In 2003 there were about 500 ETA members in jail in Spain
and over a hundred in France. In early December 2003,
French police arrested top leaders of ETA's military wing
including Gorka Palacios and Idon Fernandez Iradi (aka
Susper), dealing another severe blow to ETA. Fernandez was
reportedly preparing attacks in Spain to coincide with the
2003 Christmas season.

4. In March 2003, Judge Garzon issued an order suspending
the activities of the Reconstructed Communist Party of
Spain, the political arm of the terrorist organization
GRAPO. As of December 2003, and thanks to relentless police
and judicial pressure in coordination with France, GRAPO had
conducted no terrorist acts in Spain in 2002 or 2003.

C. EXTRADITION OF TERRORISTS
----------------------------

Under the 2001 bilateral agreement between France and Spain
for temporary delivery of suspected terrorists imprisoned in
France to stand trial in Spain, France has transferred
prisoners under the agreement four times as of December
2003. In addition to these temporary deliveries, France has
extradited to Spain six ETA members and has expelled three
others.

Spain has been a strong proponent within the EU of the
European wide arrest and detention order (the "euro-order"),
which it plans to apply to terrorists and organized crime
once the measure goes into force in the EU in 2004.

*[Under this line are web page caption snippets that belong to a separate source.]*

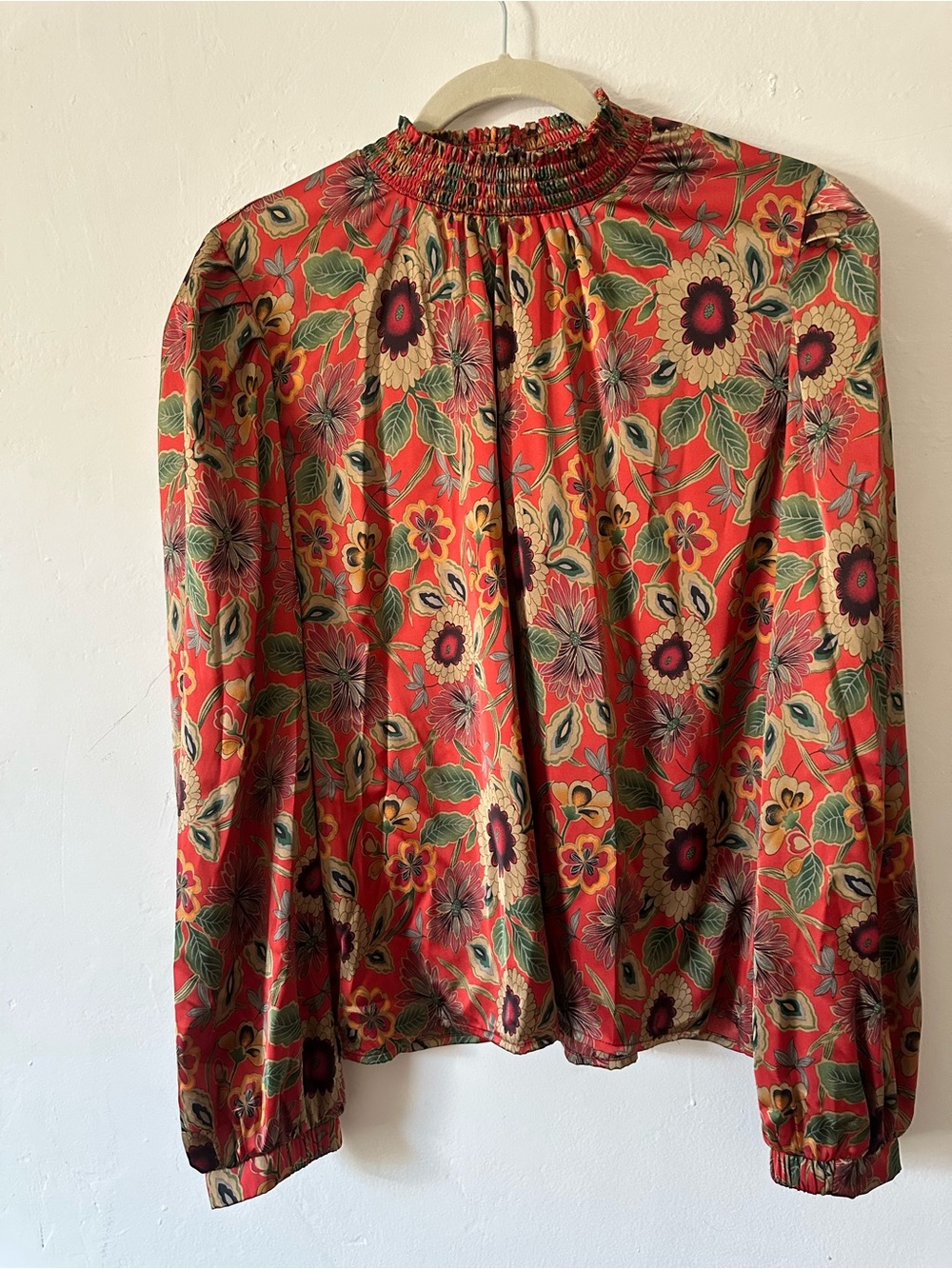 MELLODAY Floral Smocked Neck Blouse
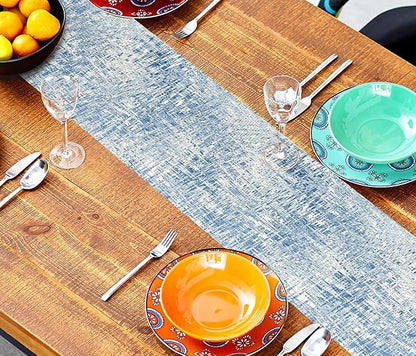Blue Table Runner Modern Art Table Runner 72 Inches Long Dresser Scarves Coffee - Image 5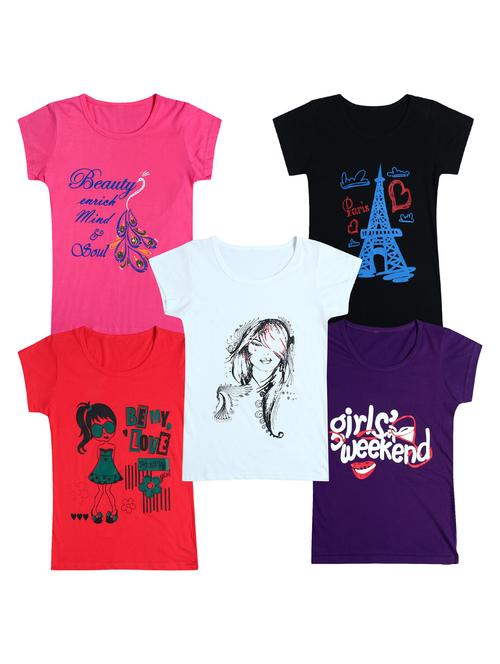 pack of 5 round neck printed tees - 20100782 - Very Small Image - 1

D. IMPEDIMENTS TO EXTRADITION
-----------------------------

Spain has also been a strong proponent within the EU of an
EU-wide extradition agreement with the U.S. However, Spain
supports the EU consensus of opposing extradition to the
U.S. if a prisoner will be subject to the death penalty.
In practice, extradition to the US is possible once Spanish
judicial concerns regarding application of the death penalty
are resolved (Spain would insist on advance agreement that
the death penalty not be applied to persons extradited to
the U.S.).

E. OTHER HOST RESPONSES
-----------------------

Spanish government public statements on the War on Terrorism
have been vocal and strongly supportive, not only in the
wake of 9-11 and Afghanistan, but also regarding coalition
military action in Iraq, which was unpopular with the
Spanish public.

F. MAJOR COUNTERTERRORISM EFFORTS UNDERTAKEN IN 2003
--------------------------------------------- -------

1. Spain took over chairmanship of the UN Counterterrorism
Committee.

2. Spain co-chairs the Financial Action Task Force terrorist
finance working group.

3. On January 8, Spain and the U.S. signed an agreement
under the Container Security Initiative (CSI) to enhance
anti-terrorist control measures. Implementation of the
program remains pending.

4. On February 9, Spain initiated cooperation with the U.S.
in the Strait of Gibraltar Escort Operation in the
protection of U.S. ships transporting military material to
the Gulf area.

5. Spain and France negotiated in November an agreement by
which their respective police forces will be able to work in
each other's country, investigating cases related to ETA,
Islamic extremist terrorism, counternarcotics, trafficking
in persons crimes, etc. This agreement is a consequence of
the EU 2002 agreement to create "multi-national police
investigation teams." France and Spain are the first two
countries that have negotiated the application of the EU
agreement.

6. With respect to the Iraq conflict, in August 2003, 1300
Spanish troops deployed in Southern Iraq.

G. and H. None

I. CHANGE IN ATTITUDE TOWARD TERRORISM
---------------------------------------

Spain has suffered from ETA and other terrorist groups for
over 30 years and has a deep commitment to using all legal
means to combat terrorism, in Spain and internationally.
Spain welcomes the increased international cooperation in
combating terrorism that has emerged since 9-11. Spanish
leaders believe the global war on terrorism has translated
into increased police, judicial and international political
pressure on ETA that is taking a heavy toll on ETA's
operational effectiveness. Thanks to this pressure Spanish
leaders believe that ETA is getting closer to being rendered
inoperative as a coordinated terrorist organization.